View Diary: Which book next? (97 comments)

Comment Preferences

  •  Problem is not only "what" but "when?" (3+ / 0-)
    Recommended by:
    Ahianne, Fabian, winterbanyan

    And that's where the metaphor between quantum theory and bookkeeping (or information theory) really comes apart, not on what the information is, but when it is.

    A common example concerns the question of which of two paths was taken by stream of photons.  If you don't detect which path, you'll get an interference pattern suggesting they took both.  If try to detect which path, they collapse to one path.

    The key (and non-intuitive) part is that you get the same results no matter where along the path you put the "which path" detector.  This is Wheeler's delayed choice experiment and it's been confirmed by observations, both in the laboratory and ... more mind-blowingly ... by astronomers.

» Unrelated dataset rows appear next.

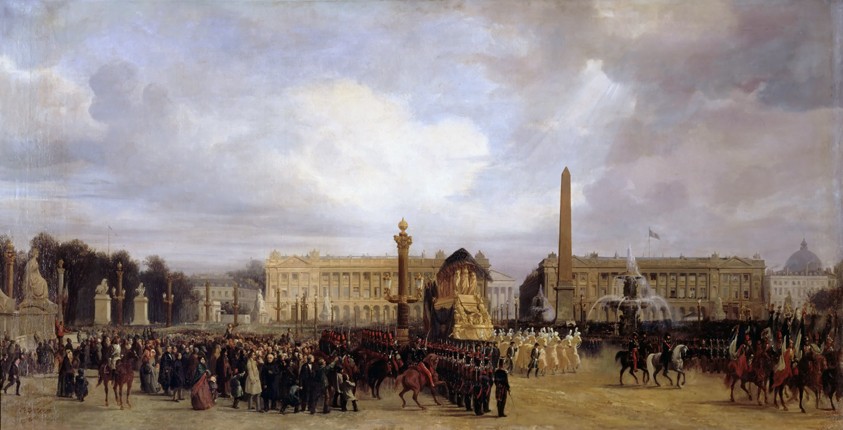 The Funeral Cortege of Napoleon I Passing Through the Place de la Concorde 15 December 1840 de Jacques Guiaud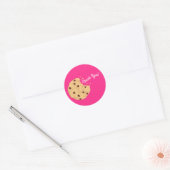 Chocolade Chip Cookie Kinder 1e verjaardag Pink Ronde Sticker (Envelop)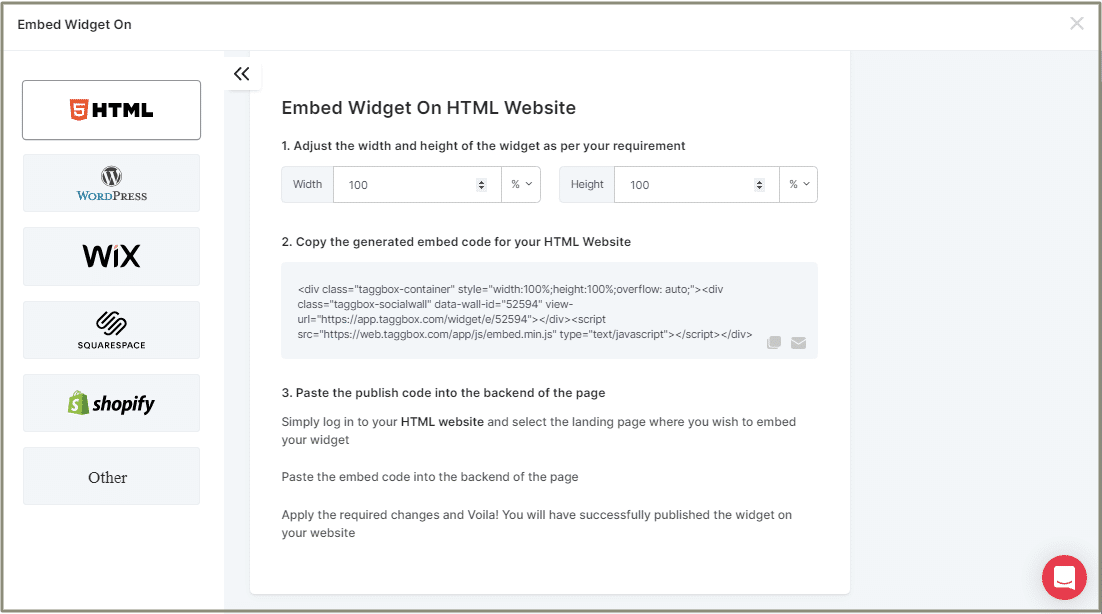 embed Widget on HTML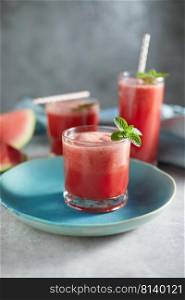 Refreshing watermelon smoothie in the glasses.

    The confirmation by astronomers is so mind-blowing because the "which path" detectors near earth will collapse the path information for light that has been traveling across the universe for millions of years.  The beam splitter can be a galaxy hundreds of thousands of light years away.

    Put another way, next Tuesday you decide to run one of these astronomical observations, by turning on "which path" detectors on two precisely positioned satellites in orbit:

    1. Until you turn the detectors on, you get an interference pattern on light from a a star a million light-years from earth, split by the gravitational field of a galaxy a half-million light years from earth.
    1. Next Tuesday when you turn the "which path" detectors on, the interference stops; the light has now taken only one path for its entire million-year journey, based on a change of condition you made next week.
    1. If you turn the "which path" detectors off (or the satellites' orbits take them out of alignment with the beam), back to the interference pattern.  Now light was taking both paths for its entire million-year journey, again based on a change of condition next week.

    So when did those photons take all paths or just one path: (a) a million years ago when they left the distant star; or, (b) next Tuesday when you turned the detectors on and then off?

    On the issue of information of matter and energy, quantum theory predicts (and experiments confirm) both "what" problems and "when" problems.  Quantum superposition plays on matter, energy, and time.